▸ EXTRACTED INFORMATION

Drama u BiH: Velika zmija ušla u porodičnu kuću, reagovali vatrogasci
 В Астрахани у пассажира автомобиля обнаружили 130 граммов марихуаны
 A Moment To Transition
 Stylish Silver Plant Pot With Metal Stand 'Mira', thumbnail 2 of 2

---

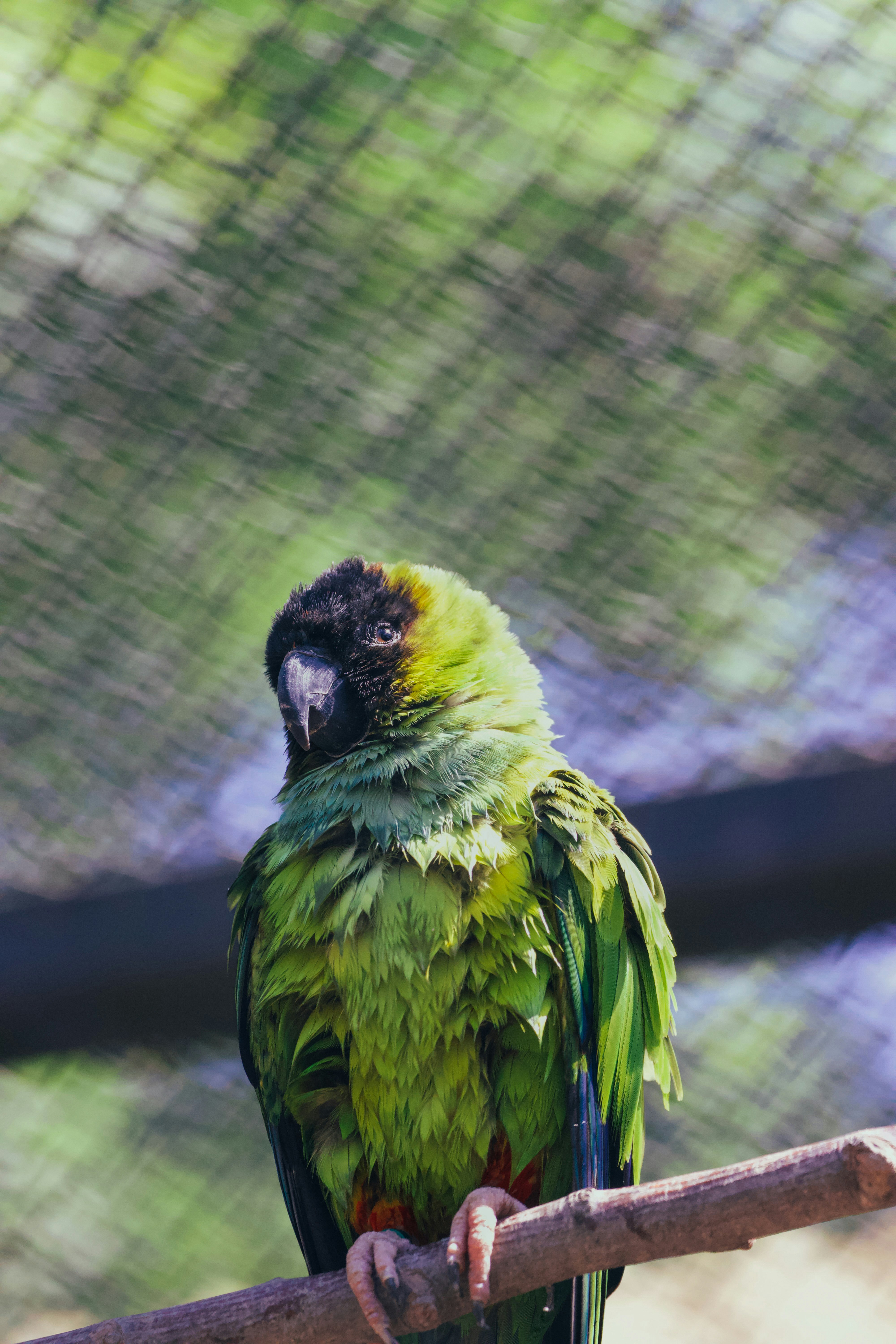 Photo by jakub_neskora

---

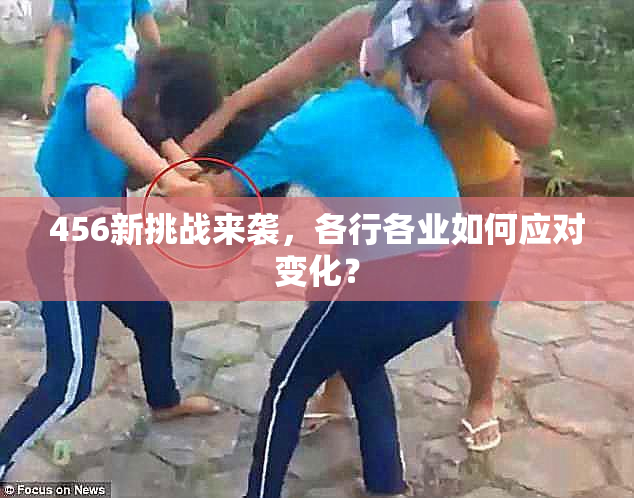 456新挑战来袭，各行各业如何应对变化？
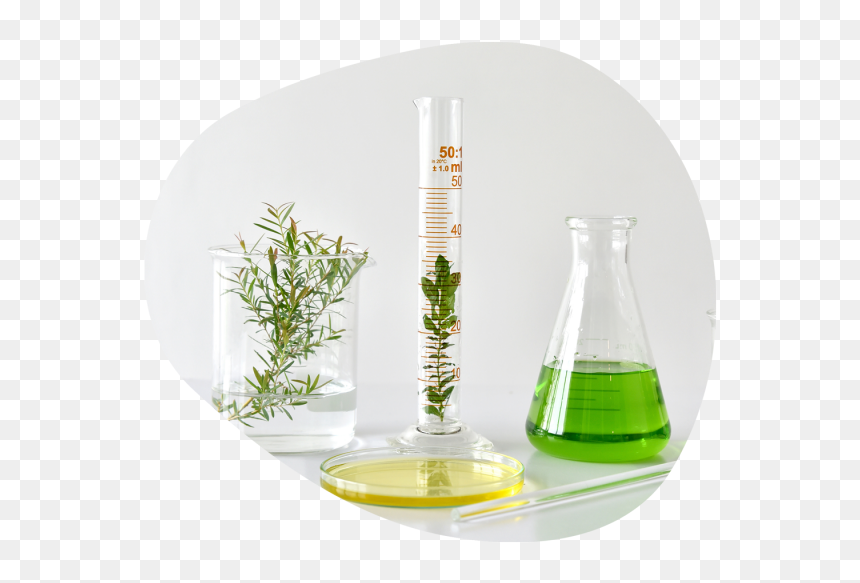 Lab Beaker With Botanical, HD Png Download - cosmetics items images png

▸ TASK GOAL
Write out, from the lines above, only those from the line with "Drama u BiH: Velika" to the line with "Stylish Silver Plant", exactly as given, including the first and the last.

▸ WORKED SOLUTION
Drama u BiH: Velika zmija ušla u porodičnu kuću, reagovali vatrogasci
 В Астрахани у пассажира автомобиля обнаружили 130 граммов марихуаны
 A Moment To Transition
 Stylish Silver Plant Pot With Metal Stand 'Mira', thumbnail 2 of 2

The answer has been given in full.